+++ SOURCE DATA +++

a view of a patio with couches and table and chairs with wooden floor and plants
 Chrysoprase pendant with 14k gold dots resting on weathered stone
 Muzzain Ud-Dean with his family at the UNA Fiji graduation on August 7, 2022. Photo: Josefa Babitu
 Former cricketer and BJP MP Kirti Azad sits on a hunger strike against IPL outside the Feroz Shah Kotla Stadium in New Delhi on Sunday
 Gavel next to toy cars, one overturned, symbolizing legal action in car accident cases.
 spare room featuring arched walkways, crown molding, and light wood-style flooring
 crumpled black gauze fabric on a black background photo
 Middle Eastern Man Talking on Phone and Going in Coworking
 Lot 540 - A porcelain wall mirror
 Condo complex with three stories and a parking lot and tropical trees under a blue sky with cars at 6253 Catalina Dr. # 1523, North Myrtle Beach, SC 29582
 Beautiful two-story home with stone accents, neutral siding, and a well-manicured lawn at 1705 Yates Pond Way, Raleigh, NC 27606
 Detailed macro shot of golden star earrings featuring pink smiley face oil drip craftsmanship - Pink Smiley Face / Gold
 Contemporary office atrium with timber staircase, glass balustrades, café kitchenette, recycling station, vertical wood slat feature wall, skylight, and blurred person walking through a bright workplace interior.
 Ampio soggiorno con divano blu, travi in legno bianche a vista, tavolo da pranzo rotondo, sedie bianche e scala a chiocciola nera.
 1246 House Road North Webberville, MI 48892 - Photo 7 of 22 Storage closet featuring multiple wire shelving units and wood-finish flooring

+++

§ GOAL OF THE EXERCISE
Write out only the lines that run from the line containing "Muzzain Ud-Dean with" through the line containing "Condo complex with", both included, exactly as they appear above.

§ TASK RESPONSE
 Muzzain Ud-Dean with his family at the UNA Fiji graduation on August 7, 2022. Photo: Josefa Babitu
 Former cricketer and BJP MP Kirti Azad sits on a hunger strike against IPL outside the Feroz Shah Kotla Stadium in New Delhi on Sunday
 Gavel next to toy cars, one overturned, symbolizing legal action in car accident cases.
 spare room featuring arched walkways, crown molding, and light wood-style flooring
 crumpled black gauze fabric on a black background photo
 Middle Eastern Man Talking on Phone and Going in Coworking
 Lot 540 - A porcelain wall mirror
 Condo complex with three stories and a parking lot and tropical trees under a blue sky with cars at 6253 Catalina Dr. # 1523, North Myrtle Beach, SC 29582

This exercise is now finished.